Research fails to keep pace

Significant jump in budget allocation to institutes

Update: 2014-10-27 02:27 GMT
Many premier CSIR labs, including those from Hyderabad like the Centre for Cellular and Molecular Biology (CCMB) and the Indian Institute of Chemical Technology (IICT), have registered a decline in the quality of scientific results

Hyderabad: In spite of the steady increase in the budgetary allocation for research in the country the productivity of research organisations doesn’t seem to have increased.

Many premier CSIR labs, including those from Hyderabad like the Centre for Cellular and Molecular Biology (CCMB) and the Indian Institute of Chemical Technology (IICT), have registered a decline in the quality of scientific results.

A recent study found that the productivity of CCMB and IICT had fallen by 51 per cent and 74 per cent respectively in the last five years. On the other hand, the National Geophysical Research Institute (NGRI) has registered an increase in productivity.

The study was conducted by another CSIR laboratory, the National Institute for Interdisciplinary Science and Technology (NIIST) based in Thiruvanantha-puram, which surprisingly found itself to be in decline too.
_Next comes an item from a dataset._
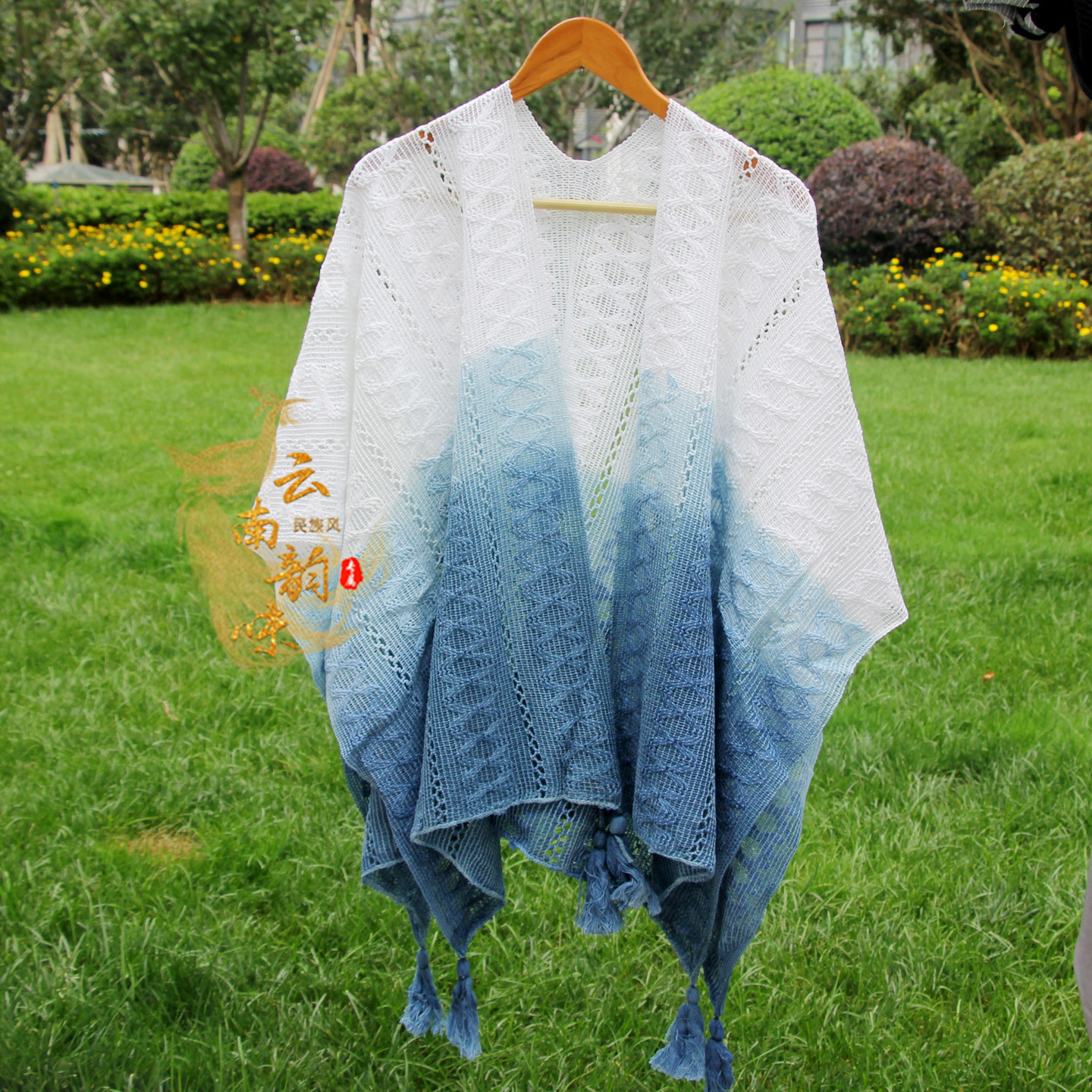 云南民族风大理白族扎染蓝白披肩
The study linked the quantity of research with quality as per a formula to calculate productivity. These two parameters were compared against that of top ranking institutions like the Broad Institute of MIT, Harvard University and Whitehead Institute for Biomedical Research. “First, we look at the quantity.
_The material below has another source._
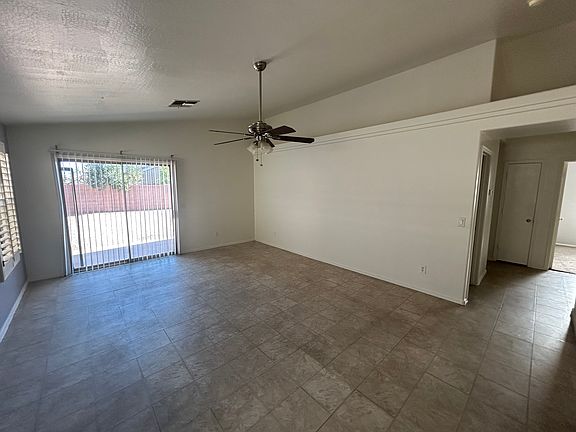 3rd image of 12457 W Hearn Rd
This is the number of articles published during a five-year period. The second dimension is quality,” Dr Gangan Prathap, scientist, NIIST, wrote in the study. Quality is measured by checking the number of research papers of an institution that are in the top 10 per cent of most cited works by other scientists.

The study found that quantity and quality had fallen by 51 per cent in the last five years. The CCMB registered a staggering 74 per cent fall. NGRI improved by nearly 11 per cent. Dr Mohan Rao, director, CCMB, said, “I don't know what parameters the study used to calculate productivity. But our publications have increased by 30 per cent in three years. It is true of IICT also.”

Some former scientists, however, say that Indian institutions lose out on the quality factor as there is increased stress on just output and not the quality of output. Dr K. Babu Rao, former chief scientist, IICT, said, "There is no applied research these days. Everybody goes only by the number of research papers.

There is hardly any industrial research in CSIR laboratories. The government also doesn't care about CSIR anymore." The CSIR, as a whole, was found to have declined by 42 per cent in productivity. Eleven of the 18 CSIR laboratories were found to have negative productivity.